En 1880, la cuestión de la Capital vinculó a la Chacarita
con la historia una vez más. El pueblo de Belgrano era,
entonces, capital de la Nación, mientras que en el centro se
ubicaba el gobierno de la provincia, a cuyo frente estaba Carlos
Tejedor. El presidente Avellaneda acuarteló sus tropas en la
Chacarita, lugar donde tenía su residencia, y allí, al
mando de Carlos Pellegrini, las tropas nacionales se enfrentaron con el
ejército de la Provincia. La "Ley Capital", en ese mismo
año, dio fin a toda disputa. Por sus disposiciones, los terrenos
de Belgrano y Flores, más una buena parte de las antiguas
posesiones jesuíticas, se incorporaron al ejido urbano.
El barrio de Agronomía
El barrio de Agronomía nace junto a la Facultad, a principios
del siglo XX. Delimitado por las avenidas La Pampa, Del Carril, San
Martín, Chorroarín y Donato Alvarez, el barrio
nació alrededor de un parque, cuya última
denominación fue "de Agronomía", pero que tuvo diversos
nombres, tales como "Del Oeste", "Nacional" y "Buenos Aires".
El origen del parque data de 1887, al menos en los planos maestros de
la ciudad. En ese entonces, cuando la Capital se expandía, se
hizo imperioso organizar un espacio verde que fuera fuente de higiene y
lugar de recreación. Los terrenos elegidos eran los más
altos de la ciudad y presentaban una excelente calidad de suelo, que
los habilitaba para cultivar plantas de todo tipo. En 1893, la
Comisión de Parques y Paseos recomendó al intendente
Bollini, "formar un amplio bosque en los terrenos de la Chacarita,
conocidos por los de la Universidad, a fin de dotar a la
población de un nuevo y extenso paseo público...". El
plan proyectaba utilizar un área de 80 a 100 hectáreas
para constituir el parque.
No obstante, no fue sino hasta entrado el nuevo siglo que el Parque
tuvo existencia. En 1901, el Poder Ejecutivo resolvió asignar
185 hectáreas para el Parque del Oeste, de las cuales 30
serían ocupadas por la futura Estación Agronómica.

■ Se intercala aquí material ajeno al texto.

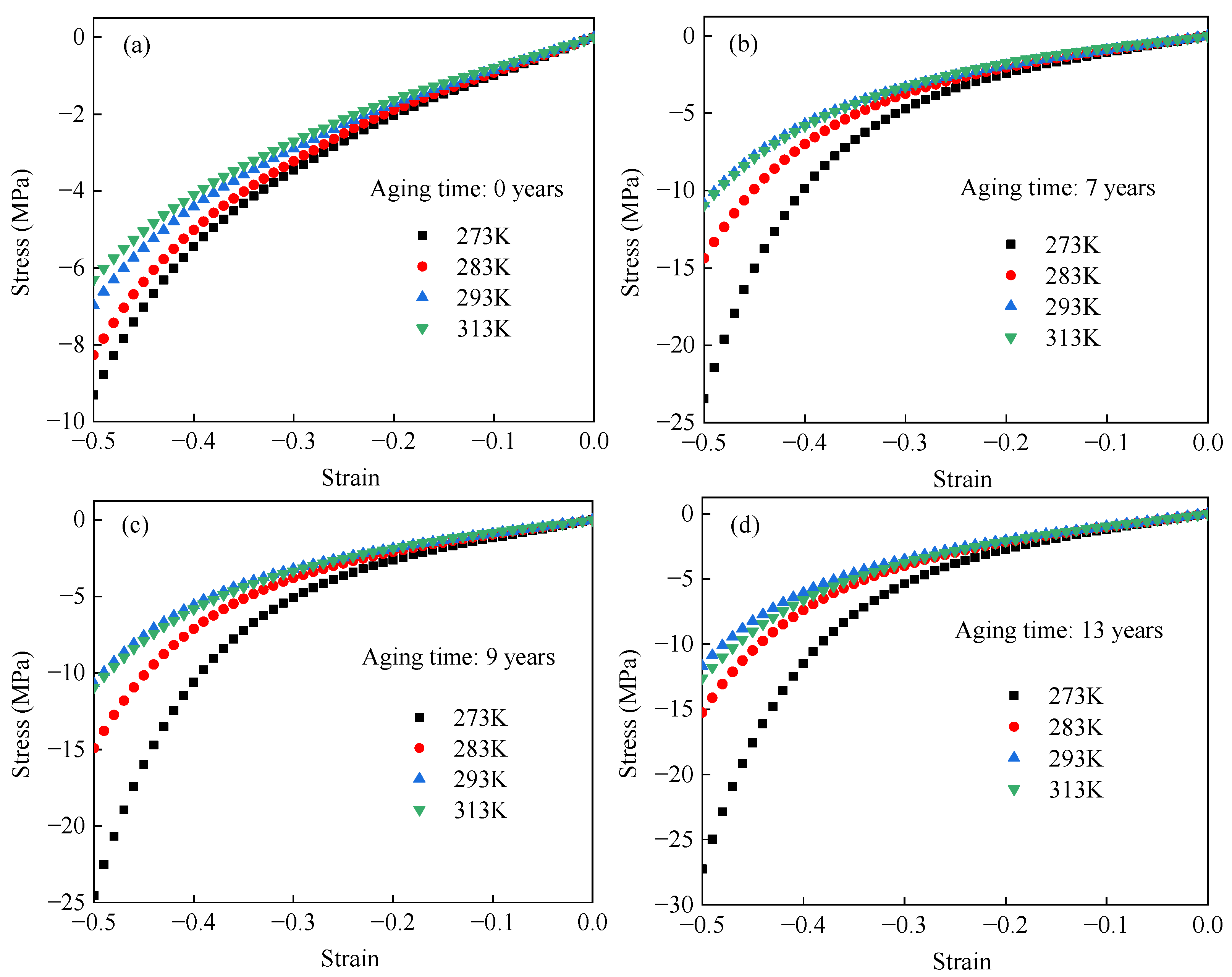 Polymers 17 01626 g004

El plano fue encargado al gran paisajista Carlos Thays, quien en esa
época cumplía una década al frente de la
Dirección de Paseos de la Municipalidad
En el trazado que Thays imagina, de estilo francés y que se
corresponde con la idea de un gran óvalo con ramificaciones, la
Quinta Agronómica está planificada según tres
secciones. Una, dedicada a los cultivos y que responde a un
diseño tradicional de franjas rectangulares, incluye plantas
industriales, forrajeras y cerealeras. El segundo sector, separado del
anterior por instalaciones para los animales finos, está trazado
según un núcleo circular con dos alas, en cuyo centro se
ubican la escuela y la administración de la Estación. La
zona radial está dedicada a viveros de plantas indígenas,
importadas, frutales, viñas, colecciones animales, potreros y
laboratorios. Por fin, el tercer sector debía albergar a las
colecciones botánicas
En el camino desde el proyecto a su ejecución, la Quinta
Agronómica se transformó en un Instituto Superior de
Agronomía y Veterinaria. El centro de enseñanza, como un
núcleo concentrador, impulsó una serie de mejoras en la
infraestructura del barrio, que aún presentaba chacras y huertas
por aquí y allá. Las calles circundantes a la Facultad se
mejoraron y adoquinaron, se contruyó una estación del
Ferrocarril Urquiza (en ese tiempo llamado "Tranway Rural a Vapor")
sobre la actual Avda. Chorroarín y, poco a poco, las casas
particulares fueron ocupando un territorio otrora virgen. Ese fue el
origen del Barrio de Agronomía, nacido alrededor de un
establecimiento educativo y un parque que por mucho tiempo fue un
orgullo para los porteños y que aún hoy, transformado y
disminuido por el avance de la edificación, congrega cada
día a centenares de vecinos, dispuestos a pasar algunas horas en
contacto con el verde y el aire puro.